The buildings were beautiful. I enjoyed our visit to D.C., but I'm certain that D.C. is not the place for this country girl. Give me dirt roads, small towns, and the peace and quiet we have here on Cow Bird Lane. The lifestyle in D.C. is fast passed, go-go-go, and I really don't think the people ever sleep. I've never been on the Metro, or a subway. Wow. You either pay attention, or you get left. That's it, end of story. As Thomas and I learned, you have to watch the map and make certain of where you need to get off or you'll ride the metro for a good 15 minutes that you didn't need to ride!  Good thing we had T-rav with us!
We visited China town, the local Target which by the way is two stories, and it's nothing like what we have here at home. Oh, and if you buy something don't think they'll just bag it for you. Oh no, get ready to pay for that bag!  Sure enough.  China town, again... not my cup of tea. Travis and Thomas were ready to eat at the first little restaurant we came too. Me, not so much. I wanted something I knew what it was. We settled for a burger joint that was delish!

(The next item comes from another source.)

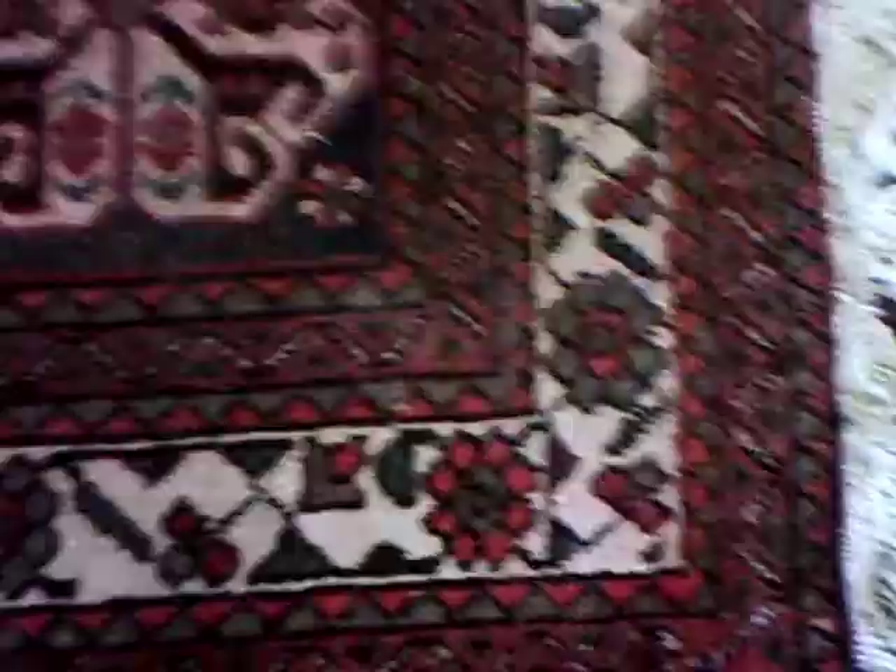Now this rug is not very thick — it's less than a half an inch thick — but because it's Persian and has a very dense knot, it hides a lot more dirt than most area rugs.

Overall, we had a fun time in D.C. We met with our congressman, walked through some tunnel that you were not supposed to go through unless you were escorted by someone of much higher authority, oops!  We ate at some great little restaurants, but most important to me was visiting the site where our friend Casey Watters was laid to rest in Arlington.
Let me just say what a humbling experience this was. Travis and I opted to view Arlington for ourselves. We did not take a tour, we walked down the quiet streets to the place where Casey rests in peace. As we came closer, I could feel the emotions stirring inside of me. A thankfulness, sadness, and then the thought of how many young men and women have laid their lives down for our country. I've watched movies, documentaries, read books and saw countless pictures of this place, Arlington. Not one of them can hold a candle to the emotions you will feel as you stand and look for as far as the eye can see of the white headstones. Humbling is truly the only way I can describe it. I felt a tear trickle down my cheek as I stood to the side of Casey's grave.
I stood in silence. Thankful for Casey, his life, and the bravery he showed our country. Thankful that I had the chance to meet him, his family and I prayed that God would comfort his family as I'm sure they miss him each and every day. We started our walk back to the main building when we looked to our right and there on the hill was a horse drawn carriage. A family, dressed in black walked behind the carriage. Atop the carriage was a casket covered with our American flag. We stopped in respect of this soldier. As if viewing Arlington wasn't enough to speak to you but to watch a service underway really spoke to my heart. We would not have the freedom we have it weren't for the many soldiers that rest in peace in Arlington, and the ones that are on the front lines of battle this very moment. I must say that visiting Arlington was by farm my most favorite part of the trip. It touched me in more ways than one.